## Task brief
Transcribe the line that contains "Gumhill Escape - Pauanui Holiday Home" and every line after it to the end of the records, exactly and nothing else. Skip the pictures.

## Source material
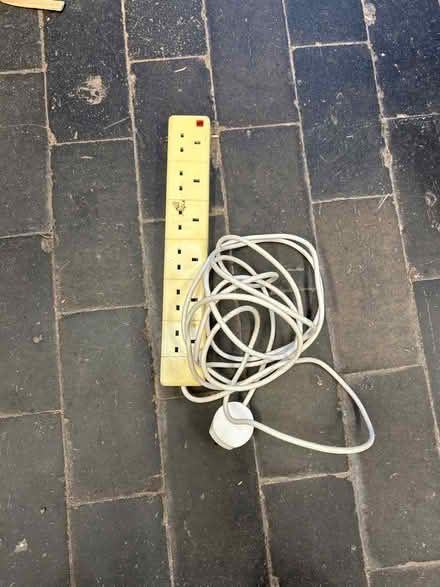 Photo of free 6 socket extension 4.9m cable (Haldens AL6) #1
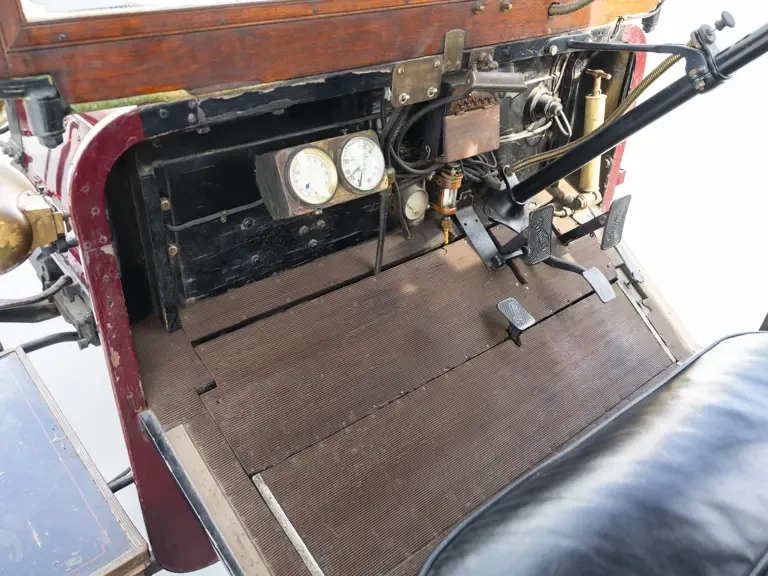 1910 Daimler - Image 15 of 31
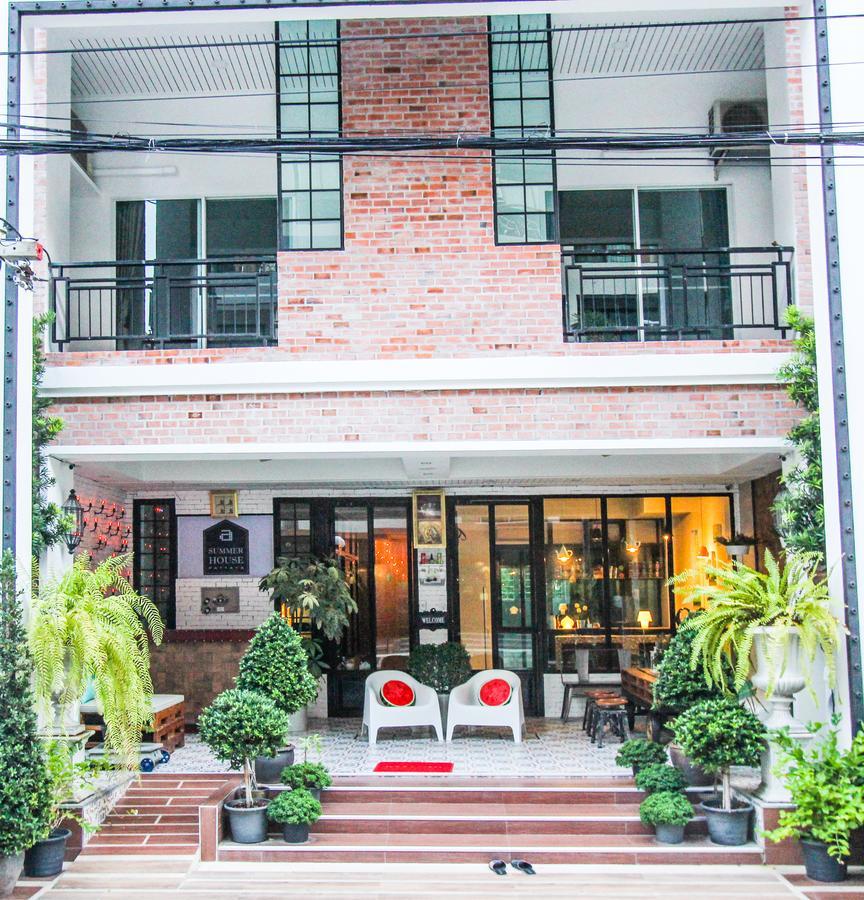 Boutique Summer House Jomtien Beach Exterior photo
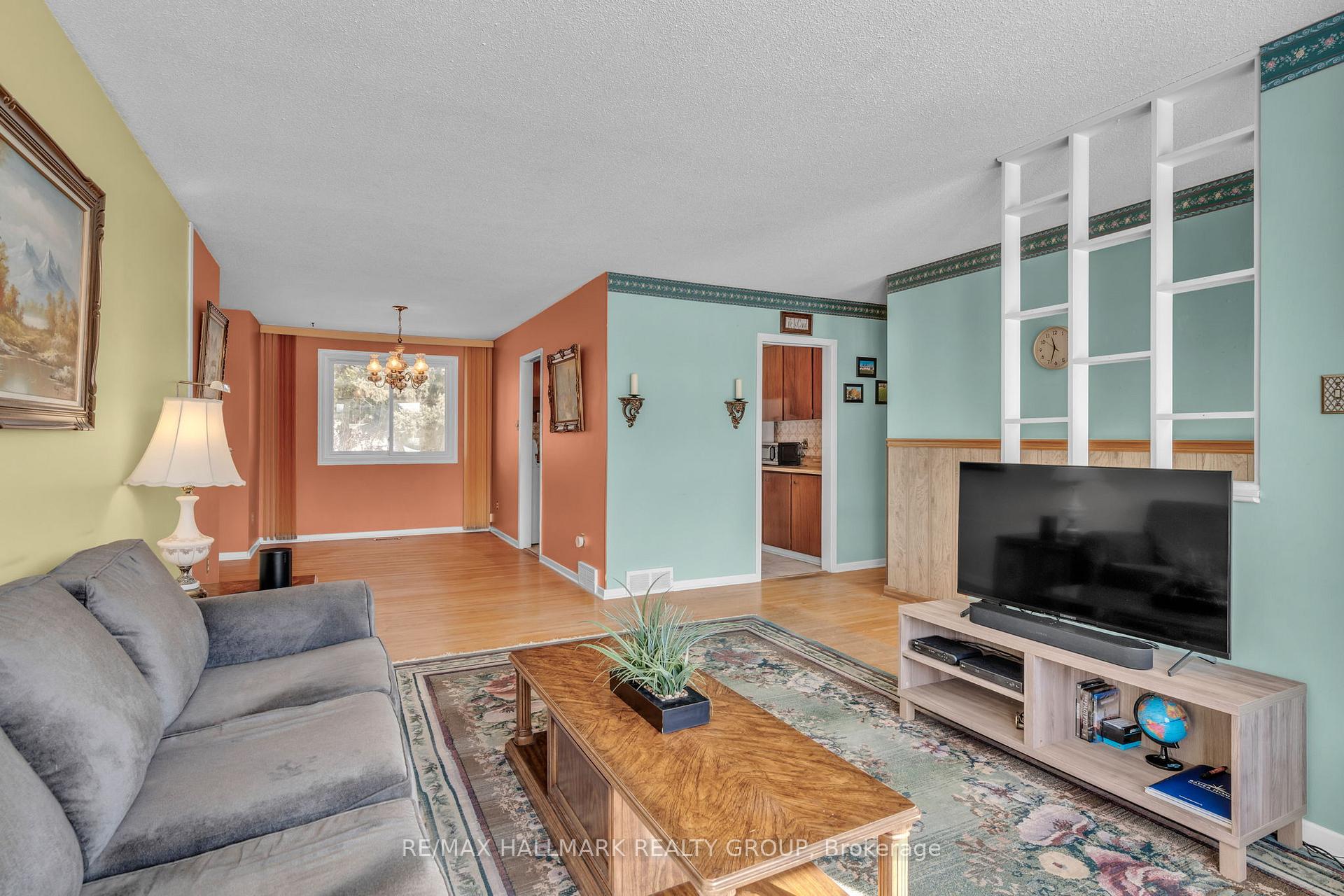 Photo 6 of 2170 Monson Crescent, Ottawa, Beacon Hill North — HOMEH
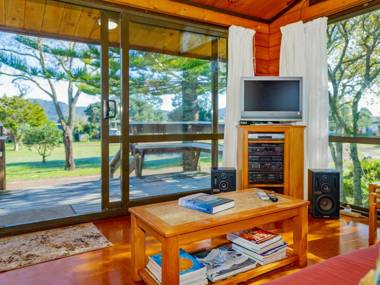 Gumhill Escape - Pauanui Holiday Home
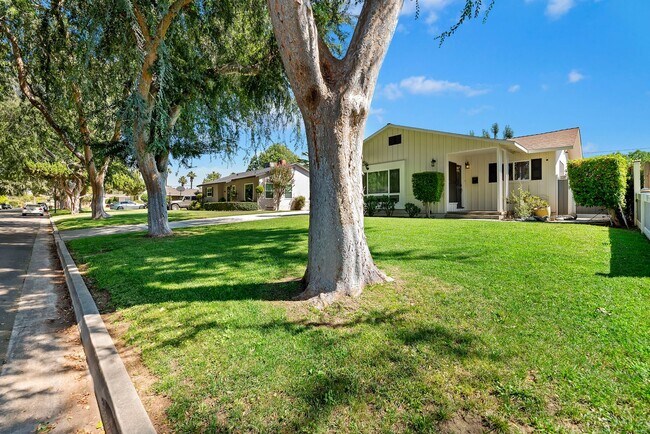 Building Photo - Stunning Riverside Home for Rent- Solar, E...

## Output
 Gumhill Escape - Pauanui Holiday Home
 Building Photo - Stunning Riverside Home for Rent- Solar, E...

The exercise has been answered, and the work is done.